The Alexander Semin era in Washington appears to be over.
The 28-year-old Russian winger is set to become an unrestricted free agent on July 1 and, according to his agent, is unlikely to return to the Capitals.
After declaring to ESPN on Monday that Semin was likely to leave the team via free agency, his agent Mark Gandler joined TSN Radio 1050's Bryan Hayes to outline why his client is unhappy.
"There's no question, he likes Washington and the organization," Gandler said. "He does not like the way he's being used.
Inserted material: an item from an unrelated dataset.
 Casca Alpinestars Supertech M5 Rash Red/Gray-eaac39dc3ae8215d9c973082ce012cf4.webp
He does not like the role he has under the [Capitals'] new direction."
After early playoff exits in 2008 and 2009 the team shifted its focus from a run-and-gun offensive system to a more defensively-sound game.
While that type of system might limit the ice-time for an offensive weapon like Semin, Gandler believes that there was still room for his client to thrive.
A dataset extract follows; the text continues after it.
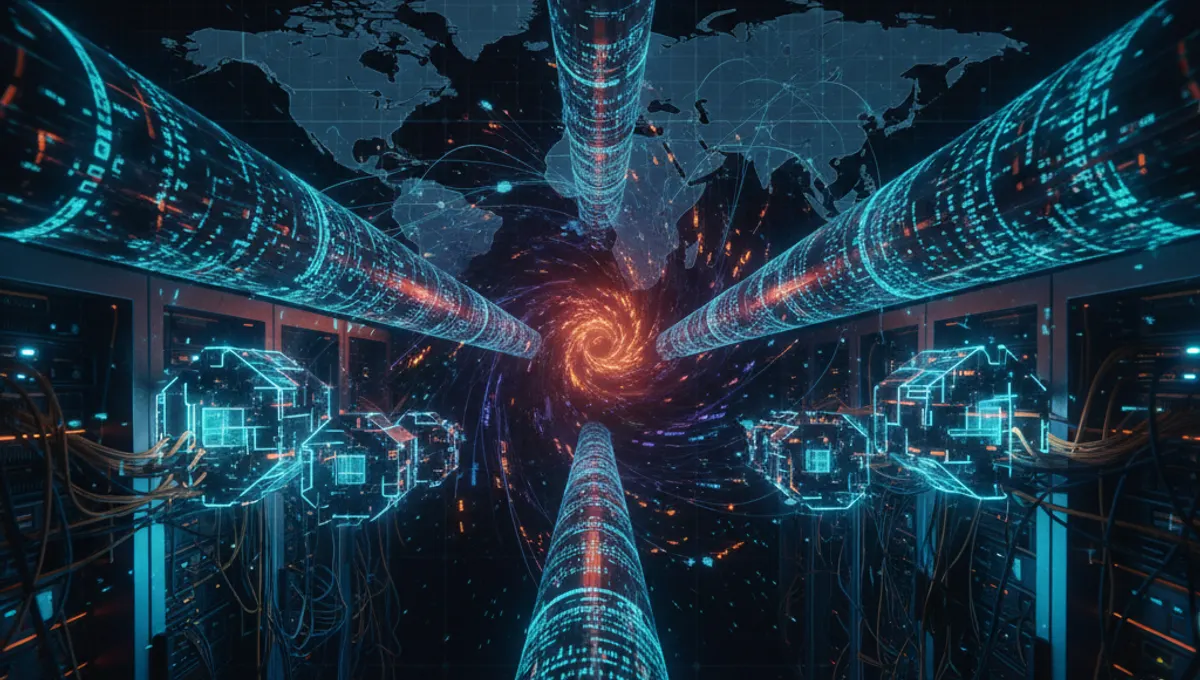 Dark Web Market Sites: What They Are and How They Work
"I think that Alex, even within that direction that the team wanted to take, can play that way," he said. "If you watch the Capitals, he is the first guy back on every shift."
A one-time 40-goal scorer, Semin has drawn criticism over the years for his inability to produce in the playoffs and, at times, for his on-ice work ethic. Despite putting up 54 points (21 goals, 33 assists) in 77 regular season games this season, Semin recorded just four (three goals, one assist) in 14 playoff games before the Capitals fell to the New York Rangers in the second round.
But Gandler's not buying the criticism.
"Alex Semin is not a lazy player," he said. "Alex Semin works damn hard at each practice and goes to the gym every day on the days off."
"His birth certificate is one of the reasons, but I think the bigger reason is that he's an unassuming person. He doesn't say much, he just plays the game and it's easy to bully somebody like that."
This summer will mark his first appearance on the open market. He could have become an unrestricted free agent last summer but instead signed a one-year extension with the Capitals in January worth $6.7 million.
Gandler is adamant that Semin will stay in the NHL and not seek a return to Russia in the Kontinental Hockey League. The likelihood of that future being in Washington, however, is likely slim.
"If the team were looking to lock Alex up to a long-term contract we would definitely consider it," Gandler said of the one-year extensions his client signed in 2010 and 2011, "but we felt that we really needed to find short-term deals until such time that either we were sure we wanted to go long-term with the Capitals or just become an unrestricted free agent and see who else is out there."
He is hoping that another team believes strongly enough in Semin to make a determined pitch.
"We're looking for significant term - no question about it," he said, "or the amount of money that we feel he deserves."